In her epilogue, Martinez considers the presence of impressed slaves in the recent "black Confederates" narrative. While the loss of slave labor badly damaged Confederate agriculture during the war, the postwar Lost Cause mythology downplayed slavery as a reason for secession. Among more recent efforts in this direction is the ludicrous claim that thousands of slaves served willingly in the Confederate Army. While many competent historians have thoroughly debunked this fantasy, Martinez ends her book with a pointed analysis of the misrepresentation of impressed slaves as "soldiers" by those seeking to alter the historical narrative of the Civil War.
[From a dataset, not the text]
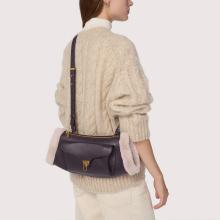 Coccinelle Borsa a tracolla Beat Artic Prune Natural - 5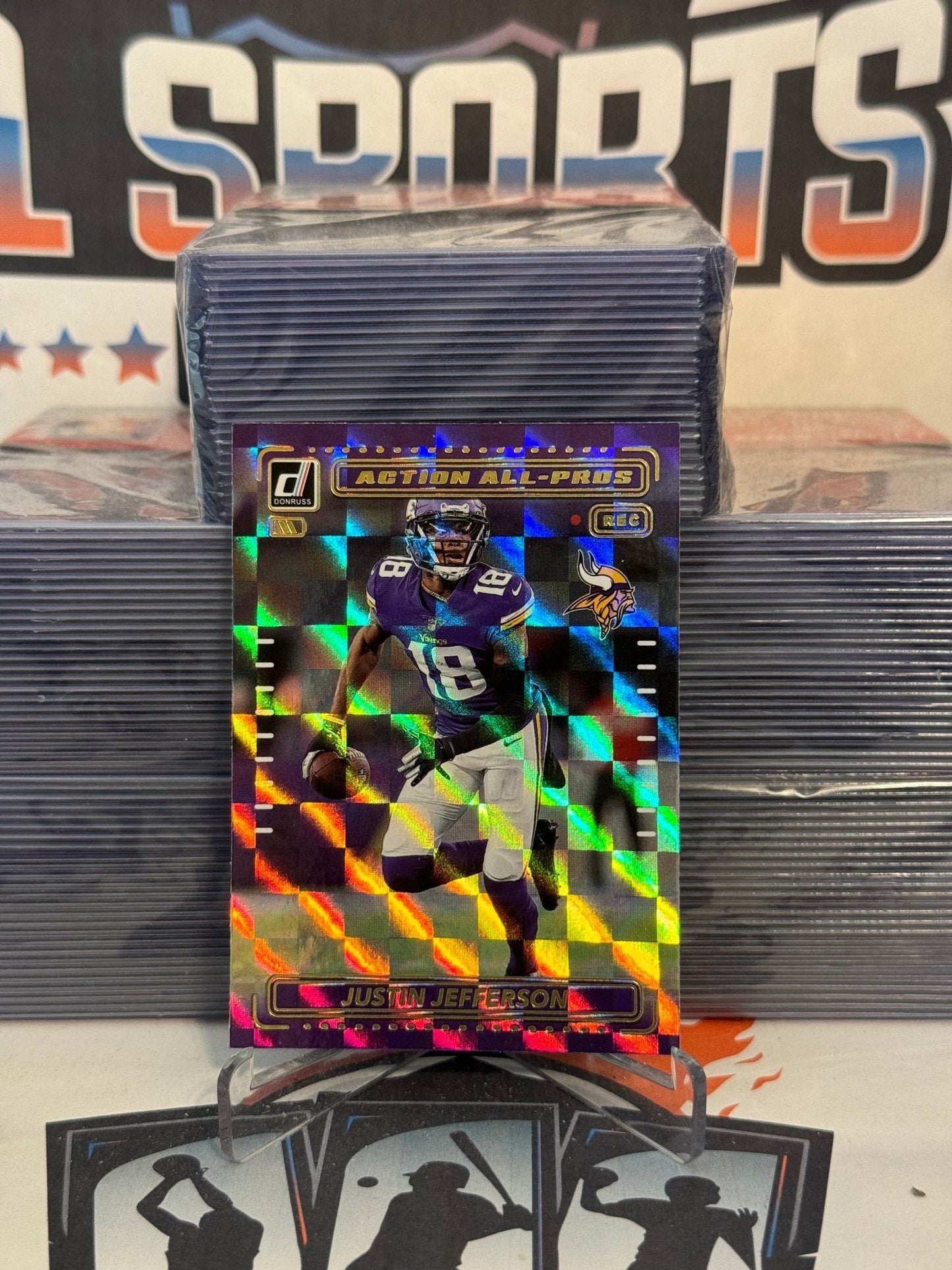 2022 Donruss (Action All-Pros) Justin Jefferson #AP-9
Certain elements of the book are unclear or debatable. Defining the "upper South" as only Virginia and North Carolina (omitting Tennessee and Arkansas) is a bit geographically selective. Also, Martinez breaks no new ground with her thesis of growing centralization of Confederate political power. Most troubling, however, is that, while she shows impressment was generally achieved in Virginia and North Carolina, she neglects the wider context of other states in the Confederacy, where it was often an abject failure. Virginia and North Carolina were the exceptions, not the rule. Martinez's contention that impressment succeeded due to the centralization of Confederate authority is not entirely convincing. The efficacy of the government in its own back yard is not proof of the wisdom of centralization, since impressment failed elsewhere despite centralization. Martinez also asserts that compliant slaveholders made the impressment campaign effective—"Even though most failed to meet their full quotas, … they recognized the importance of slave impressment, however unpleasant, to the continued defense of the Confederacy" (112). But obedience to the law need not equal support for the law (Prohibition comes to mind); as the author's own statistics show, government calls for slave laborers often did not meet stipulated quotas.
These criticisms aside, as a regional history, Confederate Slave Impressment in the Upper South provides a detailed and suggestive analysis of the relevance of slave labor to the failure and success of the Southern war effort and to the economic and social history of the Confederacy.